What is a behavioural competency framework?

A competency framework defines the attributes and ways of working that are required for organisational success. They emerged in the 1980s as a response to a developing interest in organisational effectiveness and changes in the nature of work.

In 1982 the US academic, Richard Boyatzis wrote ‘The competent manager: a model for effective performance’. This book proved to have considerable influence on the HR profession and, over the following two decades, competency frameworks became an increasingly accepted part of modern HR practice.

Competency frameworks offer the opportunity to define what good looks like in any given role ensuring that there is consistency across different roles. They therefore allow the organisation to align HR practices so that a consistent method of measurement is available across the employment lifecycle. They are most commonly used for assessment at the recruitment stage, at performance evaluation time and for development.

There are several different types of competency framework:

Behavioural - define how success can be achieved; what people see and experience others doing

Technical – these cover the knowledge and technical skills that are required for job success

Results - these cover what’s achieved, the outcomes of work

Developing a Competency Framework

Many organisations have successfully developed competency frameworks. They have taken time to fully understand the business objectives and the different roles within the organisation. This is achieved through behavioural interviews and observing high achievers. It’s a time rich process, that typically requires specialist skills to ensure that the competency framework really does work. Often organisations bring in those specialists either in an interim role, on a consultancy basis, or they decide to upskill their learning and development teams.

What is the business benefit of using behavioural competency frameworks?

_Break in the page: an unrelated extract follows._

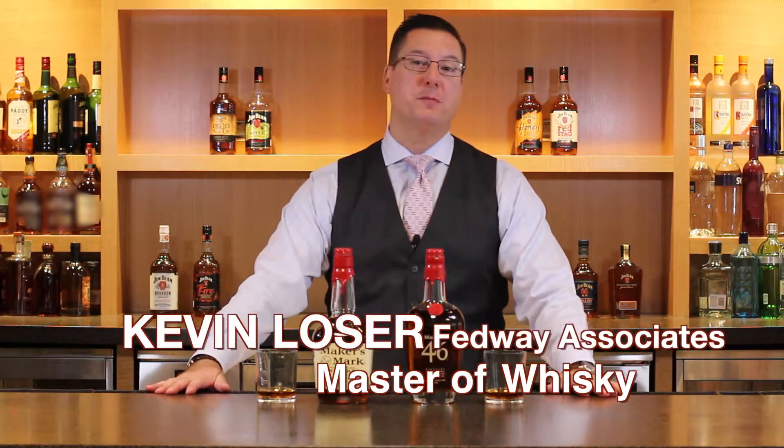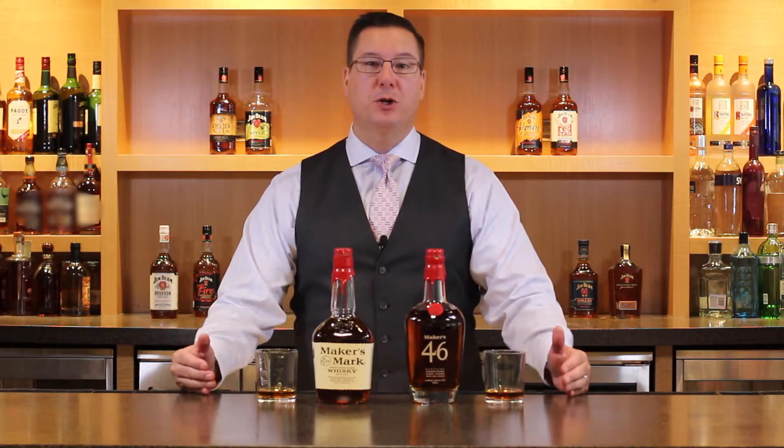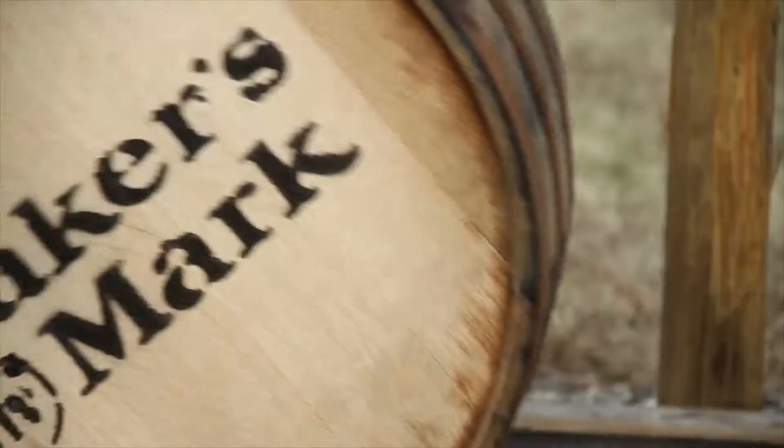Hello again everyone, Kevin Lozier, Fedway's Master of Whiskey, coming to you today from the Mixology Lab, the laboratory here on the corporate campus of Fedway Associates in Basking Ridge, New Jersey. Today we're going to talk bourbon, specifically we're going to talk about Maker's Mark.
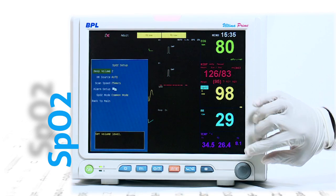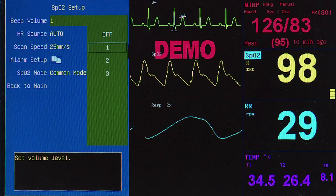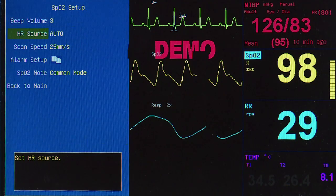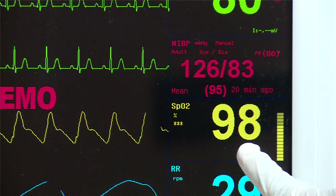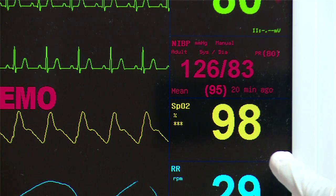With a number of options available for monitoring SPO2, Ultima Prime provides superior performance in low perfusion conditions, shivering conditions, and can be used for a wide range of patient categories.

Quite simply, a well-designed and relevant competency framework can improve business performance because they articulate what ‘good’ looks like. They provide a means to assess existing capability as well as improving the validity and accuracy of the recruitment process, reducing hiring costs and turnover rates as new starters have better fit with the organisation. They enable effective succession and capability planning so that development interventions can be targeted at the right people to develop the right behaviours for the business. They enable managers to add greater value by providing a framework which enables the effective to measuring and monitoring of performance so that they can provide constructive feedback and support to their team.